Panic and anxiety tear through me at the same time as i scramble out of the bed, searching for my shoes, i quickly find them under one of the chairs and pull them on, ignoring the sharp pain in my back. The vampires had found the hospital, and they were coming to finish what they had started. They were coming to kill everyone.
I had to warn them, even if it slows me down, I couldn't just leave everyone here to die.
Maybe it was stupid, but I had to take the risk.
I quickly stumble towards the door, my hand inches from the handle when I hear several screams from just outside, I was already too late. I couldn’t save them, not now, not without dying myself.
I had none of my weapons on me, not even the dagger I normally keep in my sock, they take everything from you the minute you arrive. No weapons are allowed in the hospital.
That rule just killed everyone here, maybe even me.
I quietly walk backwards away from the door, my eyes wide as i make my way towards the window, making as little noise as possible as I pull back the curtains. I peak out into the darkness, sighing with relief when i notice that i am only on the second floor. I can jump from this height. Even with my injuries.
I look back at the door as I pull open the window, wincing as the frame creaks loudly, so much for staying silent. I climb onto the ledge and jump seconds before I hear the door to the hospital room open, shouts of angry vampires following me as i plummet to the ground.
I land with my knees bent, the jolt of hitting the ground making the pain in my back several times worse, but I couldn’t stop, not now. If I stop for even a moment, I am dead.
I look back up at the window out of curiosity, but I see no one there, and I am not sure if that is a good or a bad thing. I take off running, my heart aching as I hear the screams of other hunters as they are murdered in their hospital beds. It's one thing to kill someone in a fight, but it is another to attack someone who is unarmed and hurt. Maybe they truly are monsters.
But aren’t we monsters to them also? We come into their homes and destroy anyone that we find, no matter their age, once a vampire always a vampire, even a Nati child.
I shake my head, pushing those thoughts away, I can't afford to feel any sympathy for them, not when I am running for my life.
I look around not recognising anything of my surroundings, I haven’t been to this part of town before. I have no idea where I am. I search my pockets for my phone, swearing in my head when I realise that I have left it behind. Fuck. Fuck.
How stupid can I be?
I decide to pick a random direction and run that way, deciding that it would be better to get off the streets and run through the woods. I know that they eventually lead to the back of my street, but I don’t know how far away that is. I don’t even know if I am going in the right direction.

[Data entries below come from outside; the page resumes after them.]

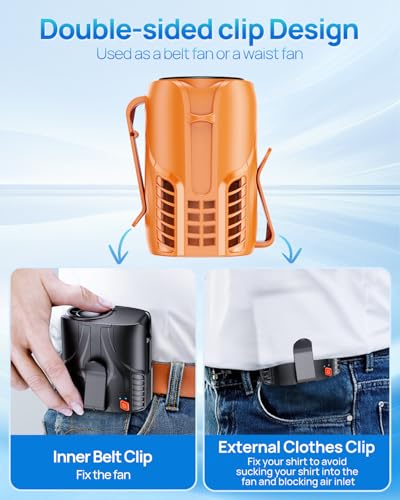 Image of Portable Personal Waist Fan& Neck Fan, 14000RPM Brushless Motor, 40H Runtime Rechargeable, 6-Speed Quiet Operation, Clip-On Personal Body Cooling for Camping /Worksites /Outdoor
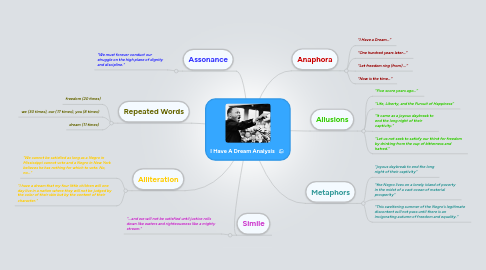 Mind Map: I Have A Dream Analysis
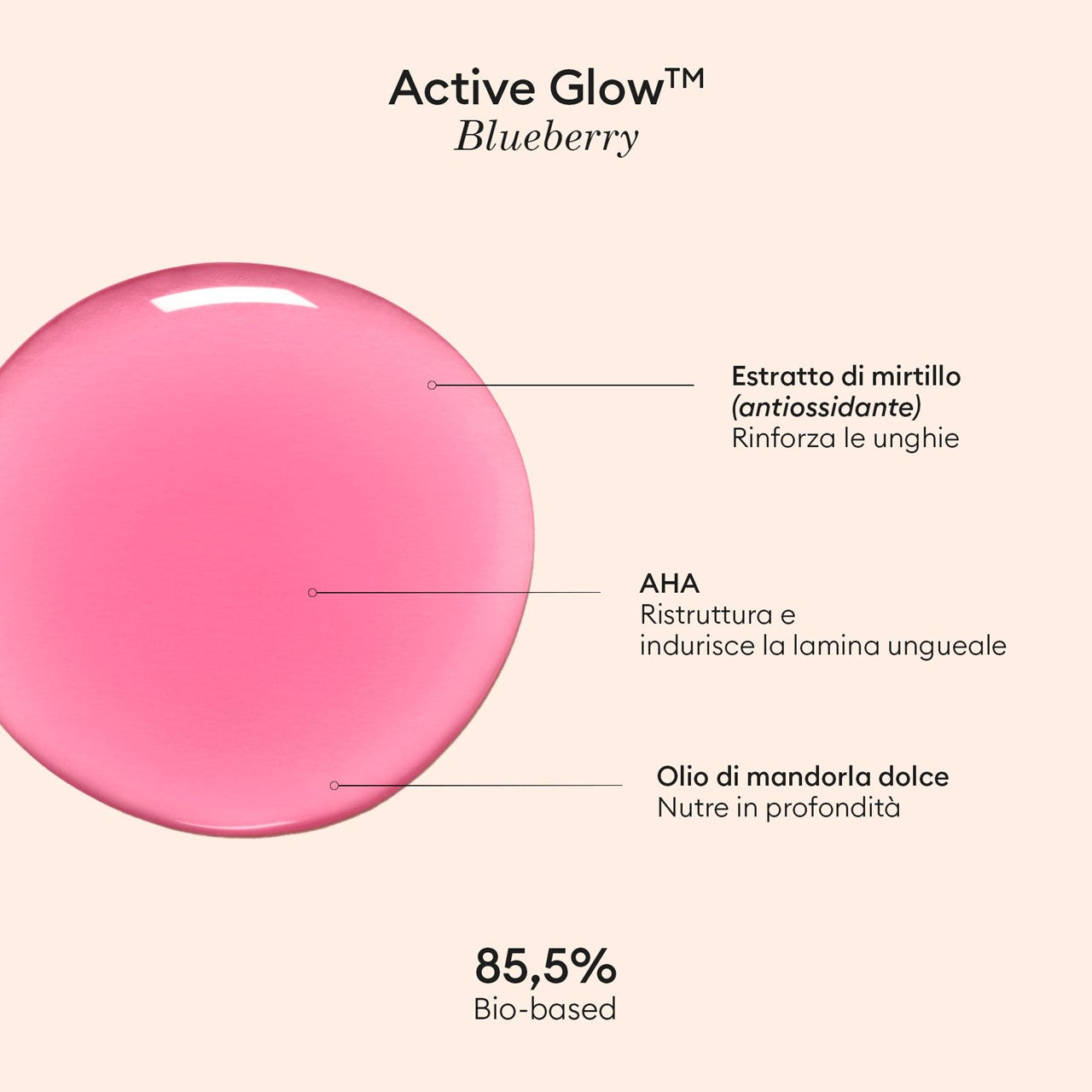 Manucurist - Active Glow™ Blueberry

I am so screwed. What the fuck was I thinking letting that Nati feed from me? It has left me weak and vulnerable at the worst time.
I look up at the moon as I run, hoping that it will lead me home, though knowing that it probably won’t. I could be lucky; the vampires may be too distracted by those that they have attacked in the hospital. They may not even notice that I am gone.
I hope that they don’t notice that I am gone.
I push my legs harder, trying to ignore the pain in my back, and the loud chatter of my mind that is telling me to kiss my ass goodbye.
It's hard to see anything, let alone the small path that i have been following, there are no lights from the town out here. None at all.
I have to rely on the light from the moon, and that isn't much.
I run into something hard and get knocked onto my arse, a stream of curses leaving my lips as I try to get back to my feet, struggling to anything in the blackness.
“There you are.” comes a familiar voice, a loud chuckle echoing through the trees.
It wasn't a tree I had run into after all, it was the Nati i had let feed on me the night before. He had found me, and by the look in his eyes, he wasn’t going to leave me alive this time.
Fuck, I am definitely screwed.
I stumble to my feet, trying to appear strong even as my body protests against me, every muscle in my leg screaming to be left to rest. But I cannot rest, not whilst the Nati is here.
“What do you want?” I ask coldly, my voice stronger than my body, “I was kind enough to let you go yesterday and now you come after me? Kinda rude.”
The Nati laughs, “It is cute that you think that you are the one who spared me.” He takes a step closer, his red eyes glowing in the darkness. “I could have drained you dry in seconds.”
I cross my arms, trying to mask my fear with anger, “Then why didn’t you?”
He smiles, his fangs pressing into his bottom lip, “It isn’t every day that you meet the heiress of the Williams family.”
My blood runs cold, if he knows who I am then I am in more danger than I originally realised.
He backs me into a tree, placing his arms at either side of my head, I didn’t realise how tall he was, or how muscular. I am going to die, that much was crystal clear. But I won’t go down without a fight.
“Don’t worry, Mae Williams, I am not going to kill you, not yet.” he says, stroking a hand down the side of my face. “I am going to make you mine.”
I shove his hand away, though I know I only managed it because he allowed me to do it, this vampire isn’t as weak as he made himself out to be. He has clearly been around for a long time.
I look up at him, knowing that fear is in my eyes, but trying not to care, “I am not going anywhere with you, so you might as well kill me.”
“You don’t have to hide your fear from me, Little hunter, I can smell it in your blood.” He sniffs the air dramatically, making me roll my eyes, “and it smells delicious.”
He leans closer, his nose in my hair as I tremble a little, I need to do something, and I have to do it NOW, I can’t just let him take me. I’m not some prize that he can own.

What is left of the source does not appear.